Thursday, November 11, 2010

Class 6




Importing and Editing Raster Images
Today's lesson will cover Acquiring raster images in Illustrator, as well as prepping for print.

There are several different ways to get a raster image into Illustrator:
File>Open
File>Place
Drag and Drop

• Linked Files
A link is a placeholder image that links to an accompanying raster file. This keeps your file from getting too large, but to edit you must either open the original application or embed the image into the Illustrator document. In order to print properly, the original file must be available on the hard drive.

Recommended Formats for Linked Images: EPS, TIFF, PDF

• Embedded Files
Embedded files are actual raster objects placed into the Illustrator document. This allows for some editing, but at the cost of larger file size. If you are importing a layered Photoshop Document, you can choose whether to flatten the image, or bring all of the layers over as a group (with each Photoshop layer nested in sub-layers.)

A bitmap that you aquire in illustrator via the Open, Place, or Drag-and-drop method can be moved, placed on a different layer, masked, modified using any transformation tool, or modified using raster filters. All three methods preserve the resolution of the original image.

Effects

Effects
-Change the appearance of the path (editable in the Appearance panel) and can be edited or deleted at any time. When you edit the underlying path, the effects adjust accordingly. You can even apply effects to editable type!

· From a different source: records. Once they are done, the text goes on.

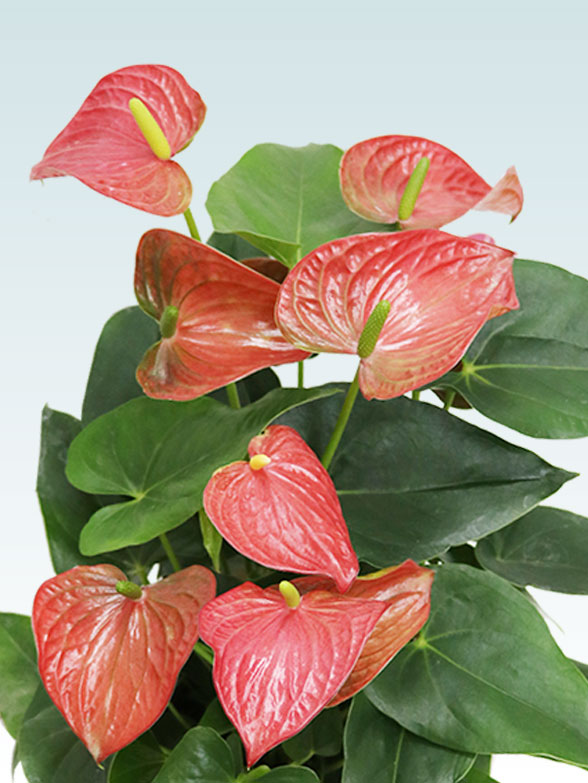 アンスリウム　赤色(ラスターポット付)20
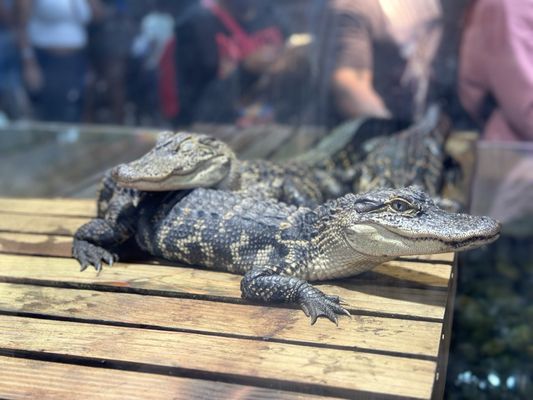 Audubon Aquarium by null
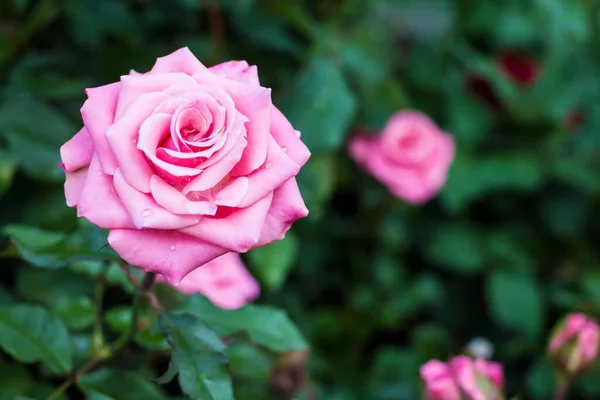 Bella Rosa Rosa Sfondo — Foto Stock
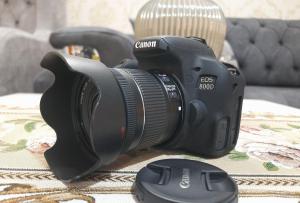stock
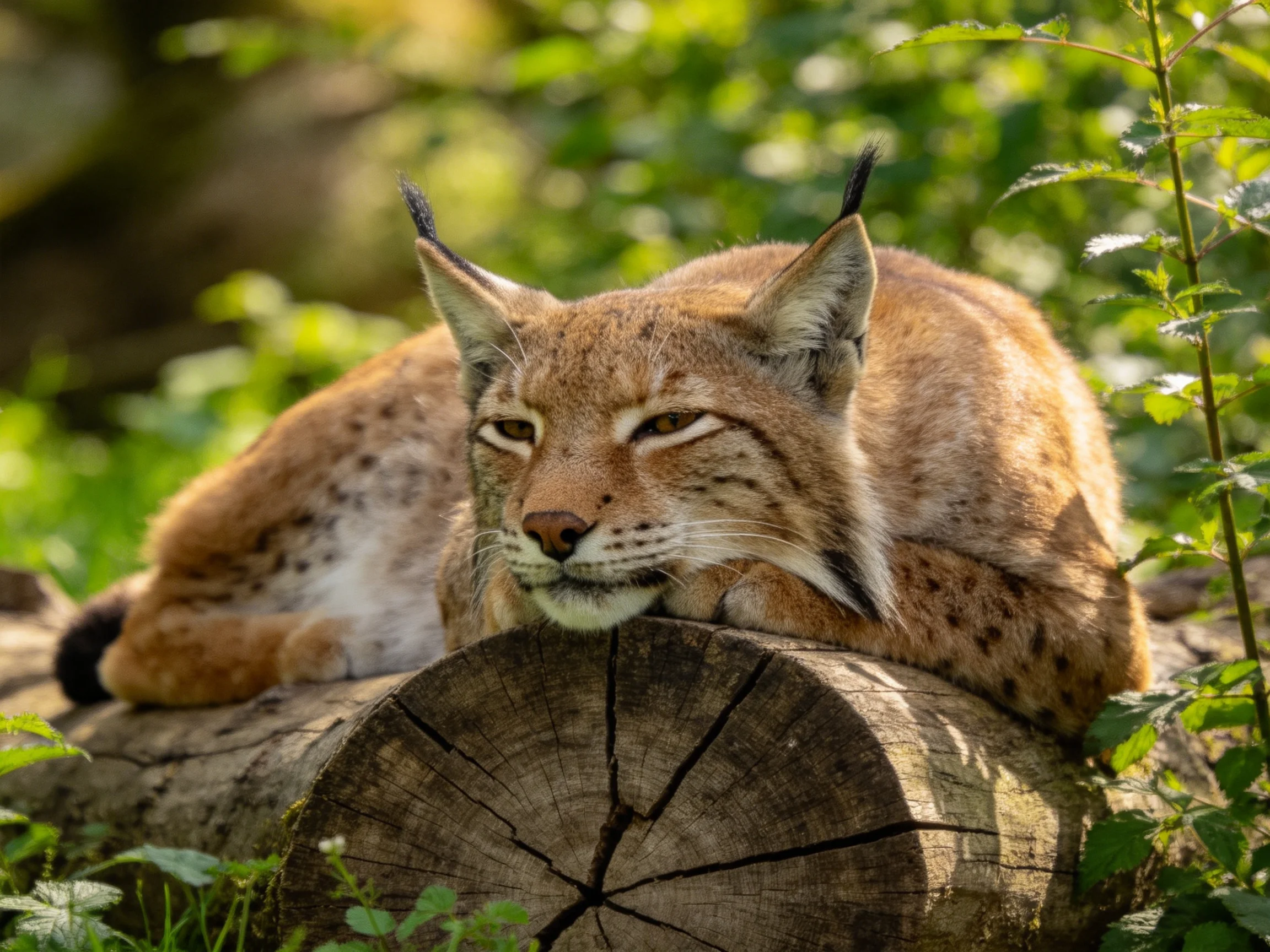 A lynx with spotted fur rests on a log surrounded by greenery.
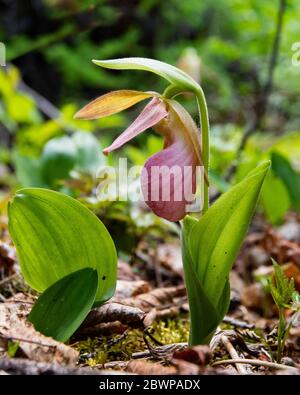 Ein rosa Lady's Slipper, Cypripedium acaule, wächst wild auf dem Waldboden in den Adirondack Mountains, NY USA Wildnis. Stockfoto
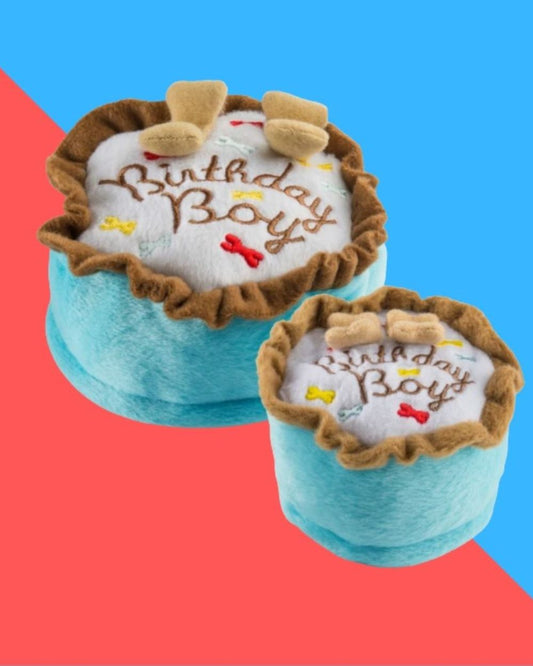 Birthday Boy Toy Squeaker Plush Dog Toy Haute Diggity Dog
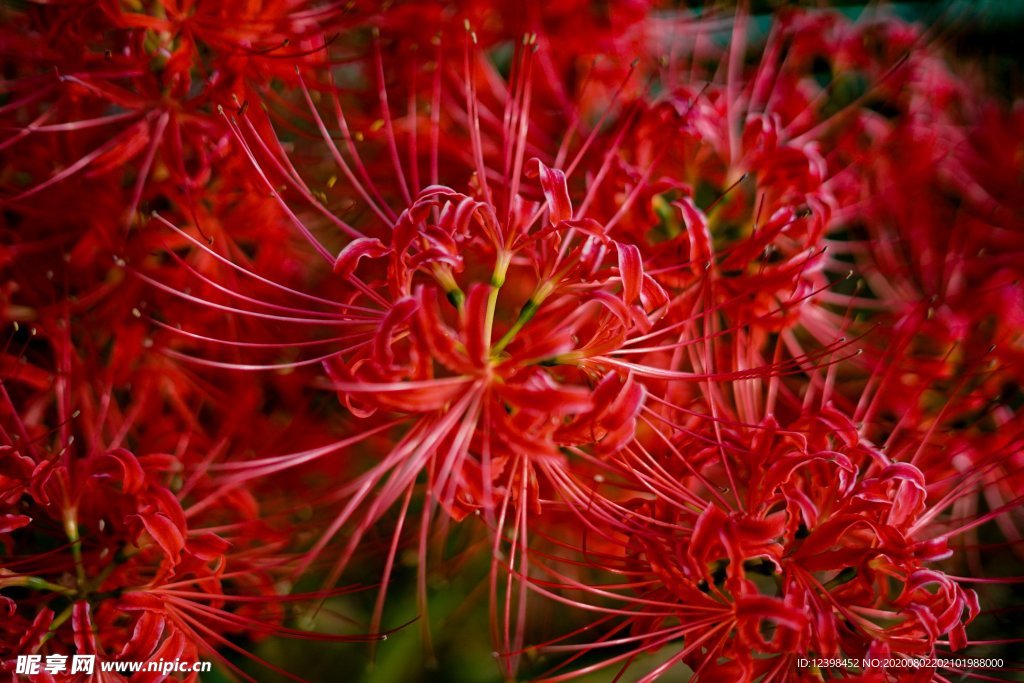 曼珠沙华花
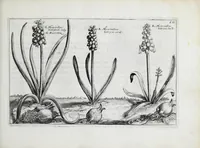 Picture 37 of 65 from Hortus floridus in quo rariorum & minus vulgarium florum icones ad vivam veramq[ue] formam accuratissime delineatae, et secundum quatuor anni tempora divisae exhibentur (1614), leaf 227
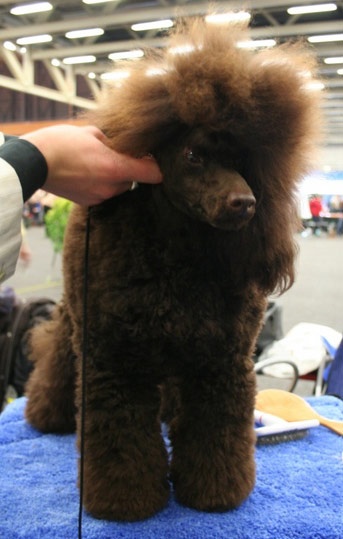 CH. Banana split Made by Paillotte - CAC Jeune, BOB Jeune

With a few exceptions, effects are vector, and output as vectors.

The Photoshop Effects (on the bottom part of the Effects Menu) are all raster, meaning they're rasterized on output even when exported to a vector format.

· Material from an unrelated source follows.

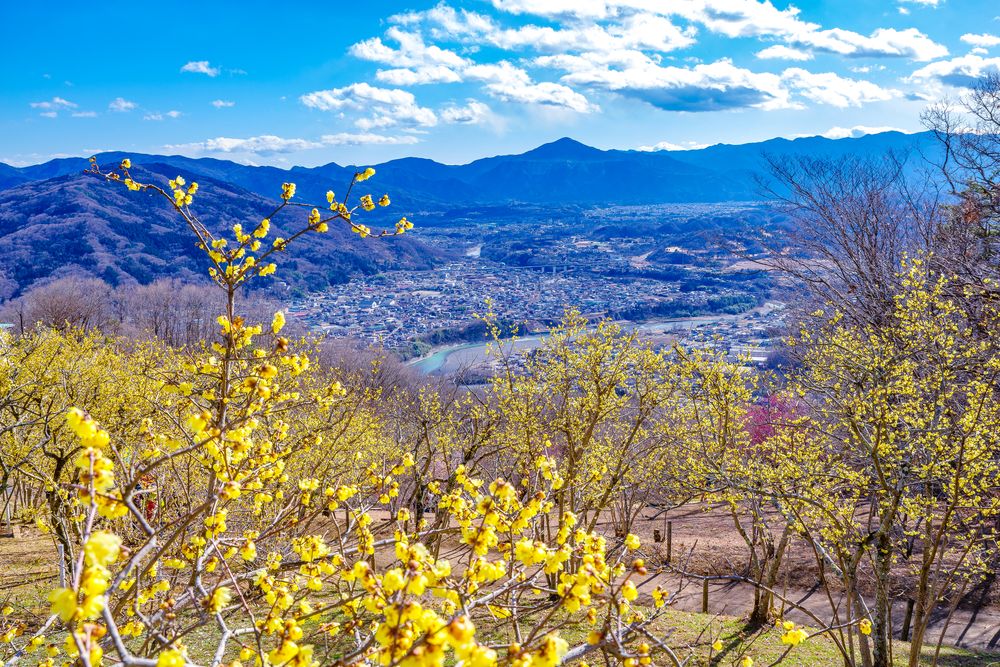 宝登山臘梅園の画像 - 2枚目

You can control the rasterization process by choosing Effect>Document Raster Effects Settings.

Printing Checklist
Save as EPS

Flatten Transparencies

Convert All Type to Outlines

Make sure all raster images are at least 300dpi

Make sure the document is CMYK. The Visual Quickstart Guide suggests converting any raster images to CMYK in Photoshop, saving them as a PSD, then using the Place command to acquire the image.

Where possible, link files rather than embed them.